→ **Instructions to follow**:
Leave out the pictures, and quote exactly the lines running from the one with "Professionel unik hjemmeside" through the last line of the entries below.

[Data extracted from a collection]
+ + +
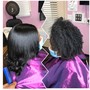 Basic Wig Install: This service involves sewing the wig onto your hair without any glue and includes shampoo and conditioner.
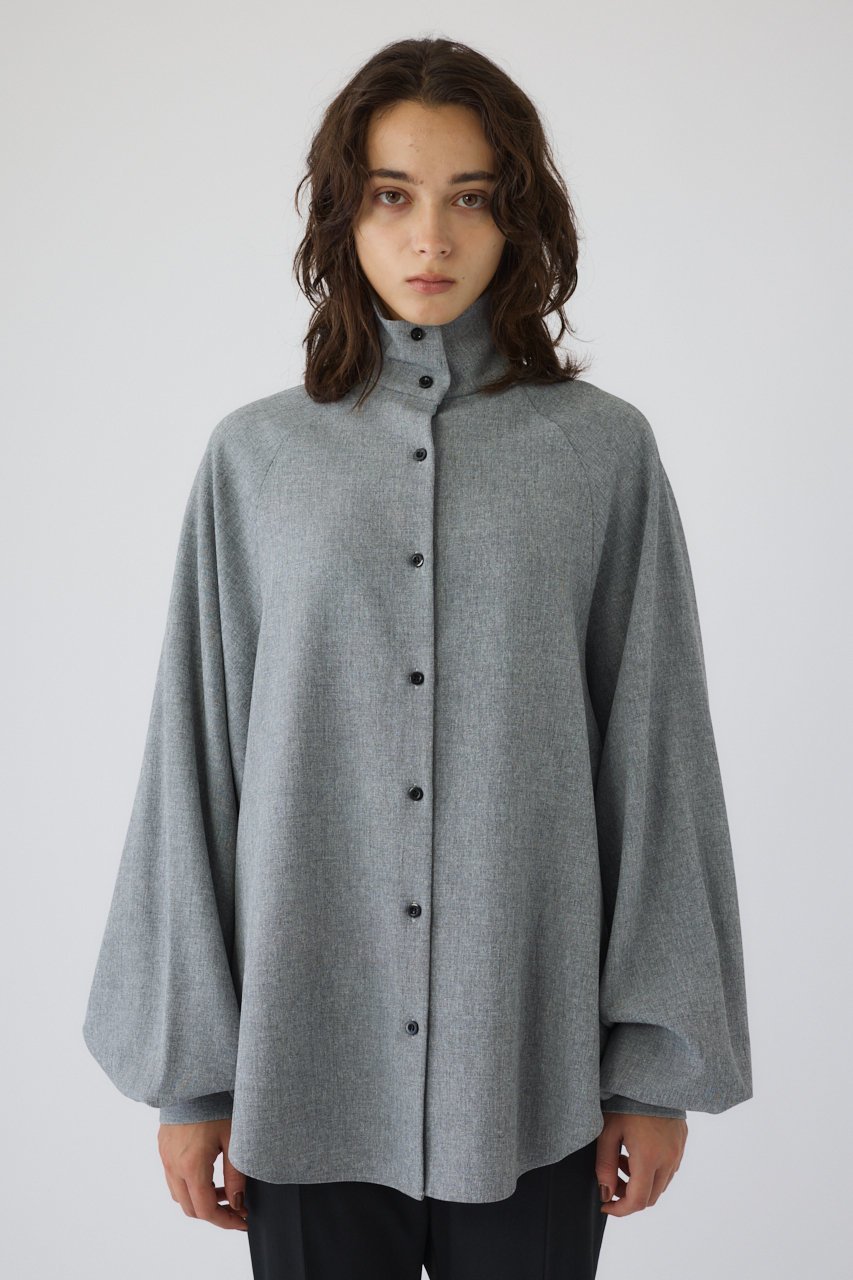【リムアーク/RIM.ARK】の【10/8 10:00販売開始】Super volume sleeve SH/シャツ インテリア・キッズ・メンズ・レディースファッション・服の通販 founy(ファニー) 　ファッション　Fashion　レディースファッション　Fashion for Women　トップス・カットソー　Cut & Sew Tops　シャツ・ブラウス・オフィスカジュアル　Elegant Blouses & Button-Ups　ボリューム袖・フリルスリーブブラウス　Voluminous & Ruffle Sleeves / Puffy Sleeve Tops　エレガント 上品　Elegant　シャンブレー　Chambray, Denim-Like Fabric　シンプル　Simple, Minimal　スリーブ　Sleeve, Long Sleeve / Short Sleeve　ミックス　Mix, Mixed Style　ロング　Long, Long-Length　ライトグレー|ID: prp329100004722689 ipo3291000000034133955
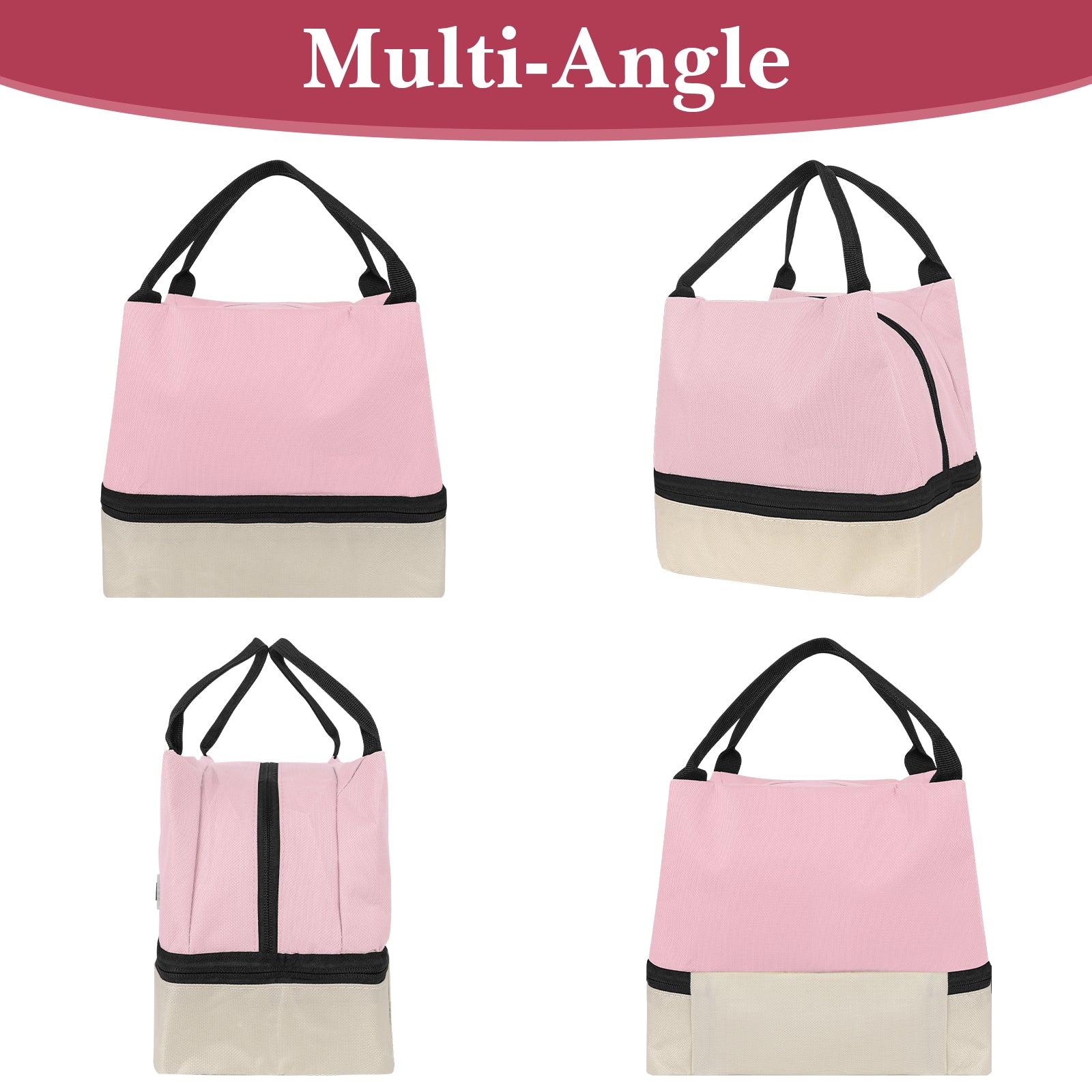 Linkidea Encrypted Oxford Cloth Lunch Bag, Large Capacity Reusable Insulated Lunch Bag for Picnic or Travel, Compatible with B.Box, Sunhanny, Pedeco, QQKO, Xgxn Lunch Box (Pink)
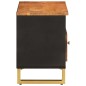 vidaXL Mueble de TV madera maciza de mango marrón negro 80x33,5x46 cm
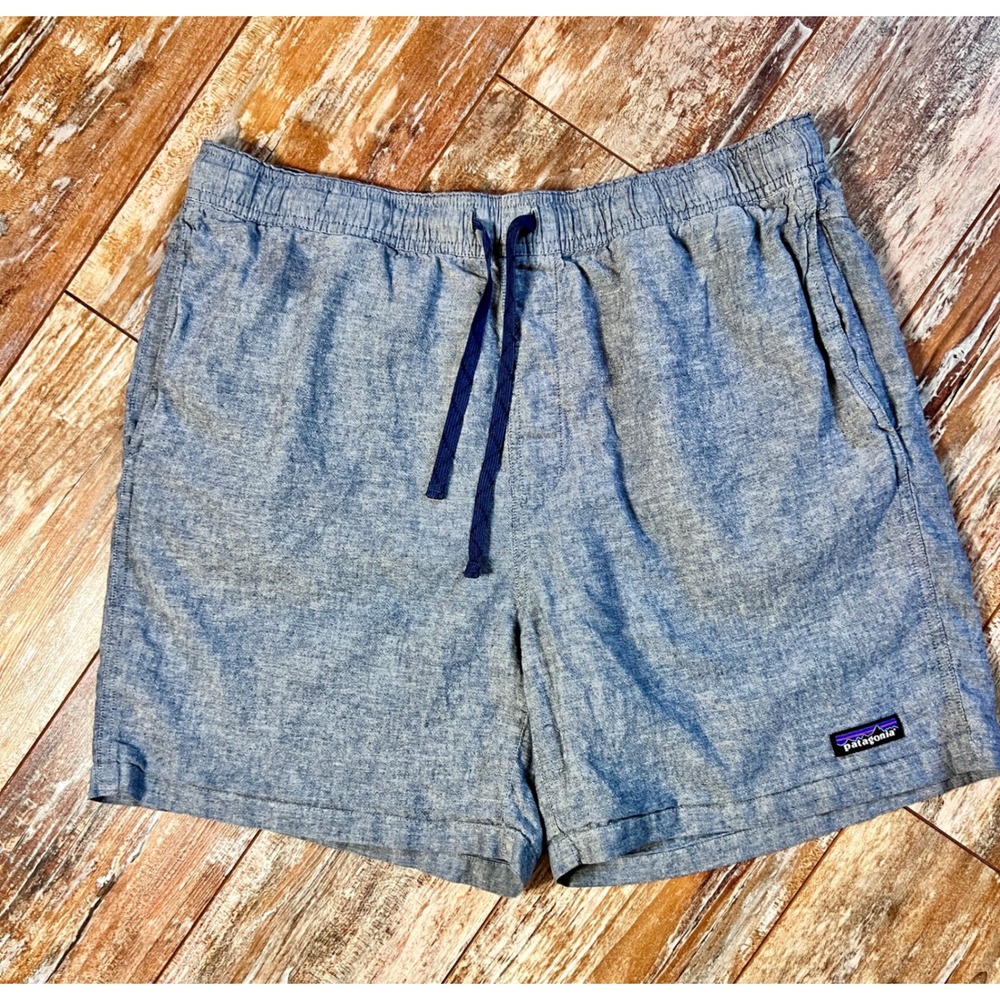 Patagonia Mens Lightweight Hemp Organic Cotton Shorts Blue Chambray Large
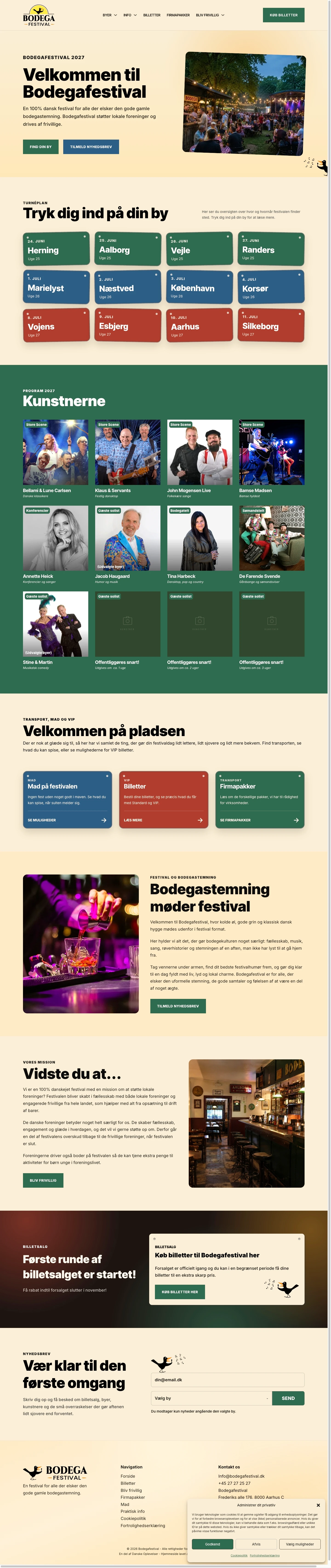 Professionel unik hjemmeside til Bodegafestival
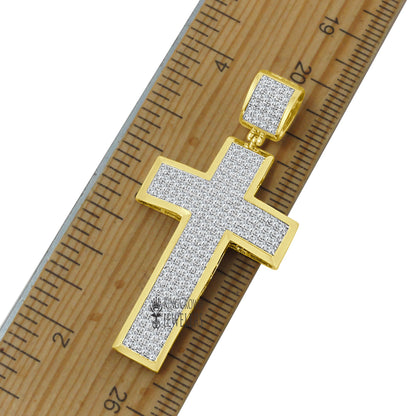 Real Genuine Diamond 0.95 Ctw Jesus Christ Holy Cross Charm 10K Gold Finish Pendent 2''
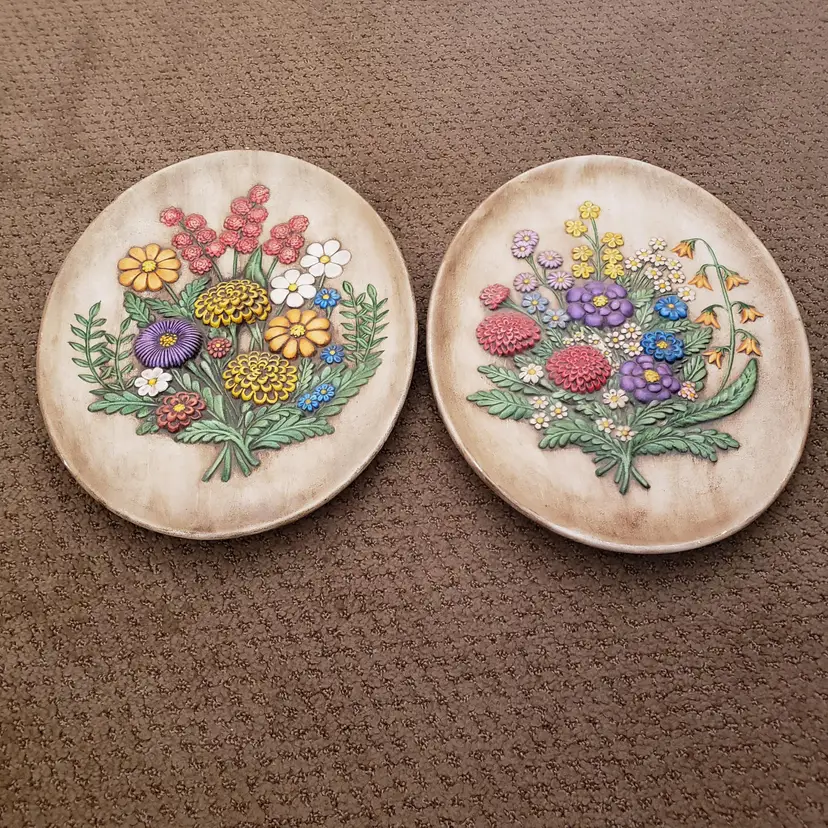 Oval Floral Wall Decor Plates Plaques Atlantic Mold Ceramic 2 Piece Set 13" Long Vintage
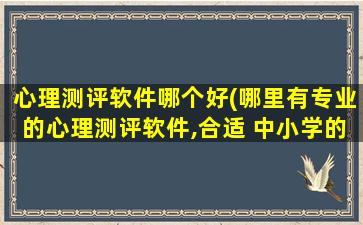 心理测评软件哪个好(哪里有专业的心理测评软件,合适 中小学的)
+ + +
→ **Written solution**:
 Professionel unik hjemmeside til Bodegafestival
 Real Genuine Diamond 0.95 Ctw Jesus Christ Holy Cross Charm 10K Gold Finish Pendent 2''
 Oval Floral Wall Decor Plates Plaques Atlantic Mold Ceramic 2 Piece Set 13" Long Vintage
 心理测评软件哪个好(哪里有专业的心理测评软件,合适 中小学的)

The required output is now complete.